Belerang dari erupsi Anak Krakatau membuat warga Sebesi sesak napas dan perih mata.

Rep: Mursalin Yasland/ Red: Agus Yulianto
Aktivitas warga Pulau Sebesi terganggu akibat erupsi Gunung Anak Krakatau.
Foto: Republika/Mursalin Yasland
Aktivitas warga Pulau Sebesi terganggu akibat erupsi Gunung Anak Krakatau.

REPUBLIKA.CO.ID, LAMPUNG SELATAN -- Aroma belerang dan debu letusan Gunung Anak Krakatau (GAK) sampai di lingkungan warga Pulau Sebesi, Kecamatan Rajabasa, Kabupaten Lampung Selatan, Lampung, Sabtu (11/4). Warga empat dusun di Desa Tejang, menantikan bantuan masker dari pemerintah dan masyarakat, karena warga mulai mengalami sesak napas dan mata perih.

"Yang kami perlukan sekarang masker, sejak semalam sampai pagi ini bau belerang dan debu pasir membuat kami susah bernafas dan mata mulai perih," kata M Yusuf, tokoh masyarakat Desa Regahan Lada III, Desa Tejang, Pulau Sebesi, kepada Republika.co.id, Sabtu (11/4).

Menurut dia, baru belerang baru terasa sejak pukul 1.00 saat warga panik keluar rumah terdengar bunyi dentuman diduga dari GAK. Sedangkan debu pasir juga menghujani dusun-dusun di Desa Tejang, sejak suara letusan GAK pada pukul 22.00. Warga tidak berani masuk ke dalam rumah pada dini hari tersebut, khawatir letusan berlanjut.

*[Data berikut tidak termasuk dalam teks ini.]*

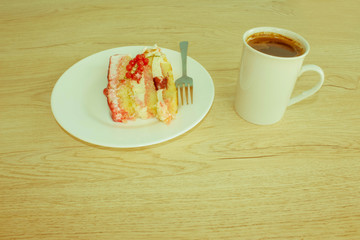 Sliced tasty cake and coffee on table background. Cake with fres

Dia mengatakan, warga mulai tenang tatkala hujan mengguyur wilayah Pulau Sebesi. Debu-debu pasir mulai mereda dan bau belerang mulai berkurang. Menjelang waktu Subuh, warga mulai kembali masuk rumah masing-masing, sebagian warga terutama orang dewasa, masih berjaga-jaga di luar rumah.

Hingga Sabtu pagi, warga di Desa Regahan Lada III masih merasakan bau belerang yang diduga berasal dari GAK, sedangkan debu pasir yang dini hari menutupi wilayah Pulau Sebesi, agak berkurang. Sesekali warga masih merasakan getaran dan mendengar bunyi letusan atau dentuman dari arah GAK.

Kondisi panik juga terjadi pada warga Desa Way Muli di seberang Pulau Sebesi. Warga di pesisir selatan Kabupaten Lampung Selatan yang lebih jauh letaknya dari GAK, juga berhamburan keluar rumah, saat mendengar bunyi dentuman atau letusan diduga berasal dari GAK. Kondisi tersebut terjadi sejak Jumat malam hingga Sabtu dini hari. Warga Way Muli mulai tenang setelah hujan mengguyur wilayahnya pada Sabtu dini hari. Sebagian warga mulai memasuki rumahnya.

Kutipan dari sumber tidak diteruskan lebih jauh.